• sürekli maruz kalanı sinir hastası yapacak kadar sinir bozucu hareketlerdir. bir takım memleket insanlarının karmaşık iç dünyalarının kat kat katlanarak dışa vurulmasıdır sanki. hani şu jim carrey'n mask filmindeki maskeden takmış, bastırılmışlıklarını salıveriyorlar gibi. günlük hayatta bakıyorsun, adam aslında birazcık mal. trafikte bakıyorsun, malın önde gideni bayrak sallayanı. bir hareketler, bir tavırlar...

    sebebi ne peki?
    trafik denetimindeki "dingo'nun ahırı" ya da "saldım çayıra mevlan kayıra" stratejisi.

    (bkz: devlet buna bir şey yapması lazım)

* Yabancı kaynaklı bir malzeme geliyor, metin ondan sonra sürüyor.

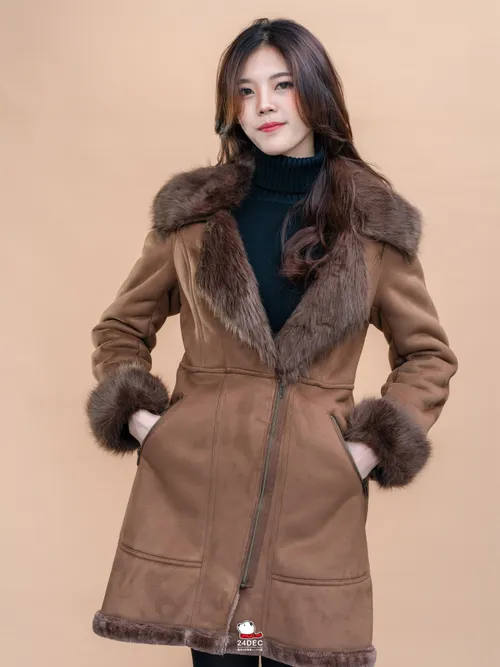 เช่าเสื้อโค้ท หญิง รุ่น MAYA สี น้ำตาล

    askere gittim zamanında. 5 ay boyunda istanbul dışındaydım. anadolu'nun bir beldesinde geçen 5 ay sonunda istanbul'a döndüğümde çiçek gibi olmuştum. iş arama sürecinde çok vaktim oldu bunu düşünmek için. peygamber ocağının kerametine yormuştum. tam hidayete erdim ben şerefsizim derken bir ay sonra benim emektar düldüle kavuşup yeniden trafiğe çıktığımda anladım bendeki genel gerginliğin nedenini.

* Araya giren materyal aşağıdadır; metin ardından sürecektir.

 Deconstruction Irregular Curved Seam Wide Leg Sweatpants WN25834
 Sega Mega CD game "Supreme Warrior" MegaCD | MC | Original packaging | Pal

    trafik dediğin orta dünya gibi. elfinden cücesine, orkundan goblinine çeşit çeşit yaratığı salıvermişler gitmiş. şu tiplere, şu hareketlere bak ya*:

    -- tek sıra halinde dönüş bekleyen şeride önlerden kaynak yapmak.

    bu hareket, az gelişmiş insan fırsatçılığının en güzide örneklerinden biridir, yan kesicliktir. toplumun kaosunda sürekli kendi hakkının yenildiğini düşünen ama o kaosun sebebinin bizzat kendisi olduğunun farkında olmayan hak yiyicilerinin savunması genelde "yea herkes yapıyo" şeklinde çok sağlam bir temele oturmuştur. fırsatını bulduklarında banka hortumlayacak hatta fortumu kendilerine bağlayacak tıynette insanlardır. metroya girerken inenleri beklemeyenler ya da herhangi bir sırada araya kaynayanlardır bunlar.

    \-\
    |-| |-| <- aha bunlar pislik
    |-| |-|
    |-|
    |-| <- bunlar iyi adamlar. bravo bunlara.

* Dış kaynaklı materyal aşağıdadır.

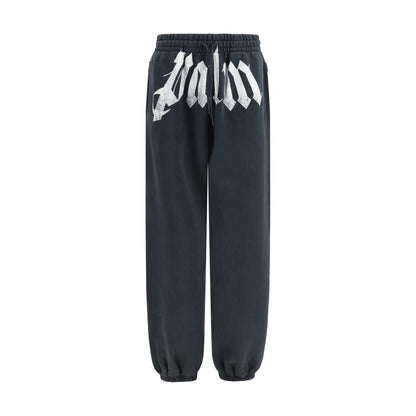 Jogger Sweatpants by Palm Angels for men in cotton gray & print features an sporty relaxed-fit, regular-fit & wide with a and long, showcasing sporty .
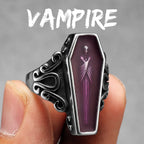 Gothic Mummy Vampire Coffin Men Rings Stainless Steel Retro Punk Rock New In Women Jewelry Fashion Accessories Gift Wholesale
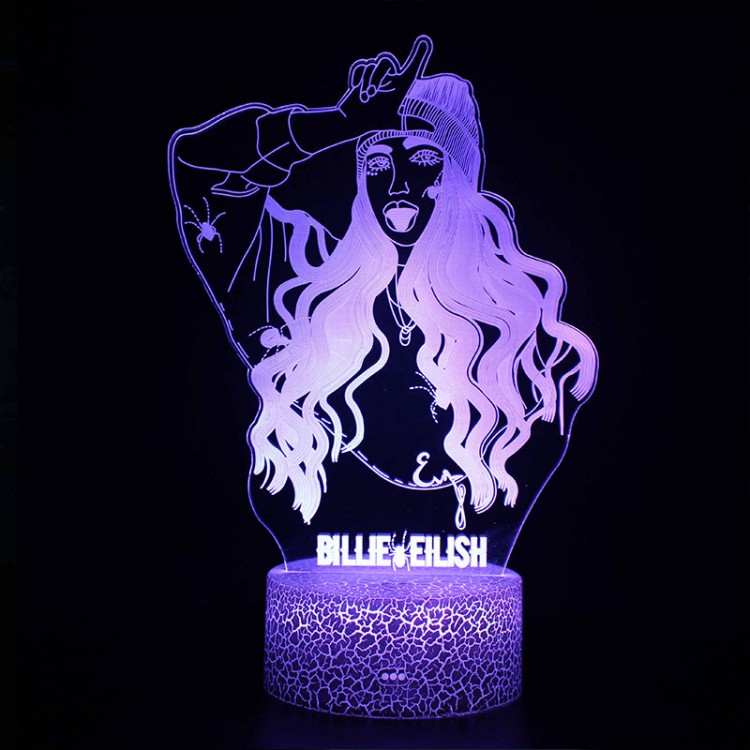Lampe 3D Billie Eilish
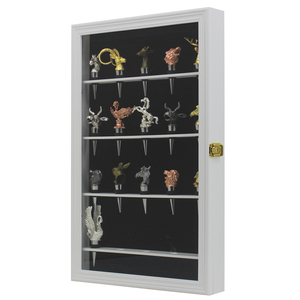 Présentoir mural de luxe personnalisé pour bouchons de vin, vitrine avec porte en verre pour accessoires de bar et cadeaux - Product Image 2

    -- ara yoldan otobana çıkarken öndekinden önce sola geçip öndekini sıkıştırmak.

    bu, özellikle istanbul'da çok yapılan öküzlüklerden biridir. otobana çıkarken bildiğiniz gibi ana yola karışma şeridi vardır bir süre. daha sonra bu şerit yavaş yavaş daralarak sağ şeride karışır. siz efendi efendi sinyanlinizi verip otobana girmek isterken arkanıza yapışmış mal, vites düşürüp gaza asılarak sizden önce solunuza geçer. bulunduğunuz şerit git gide daraldığı ve solunuzda da bir manda olduğu için eğer karışım şeridinin sonunda emniyet şeridi doluysa frene basarak yanınızdakinin geçmesini beklemek ya da emniyet şeridinde bir süre tehlikeli olarak ilerlemek zorunda kalırsınız.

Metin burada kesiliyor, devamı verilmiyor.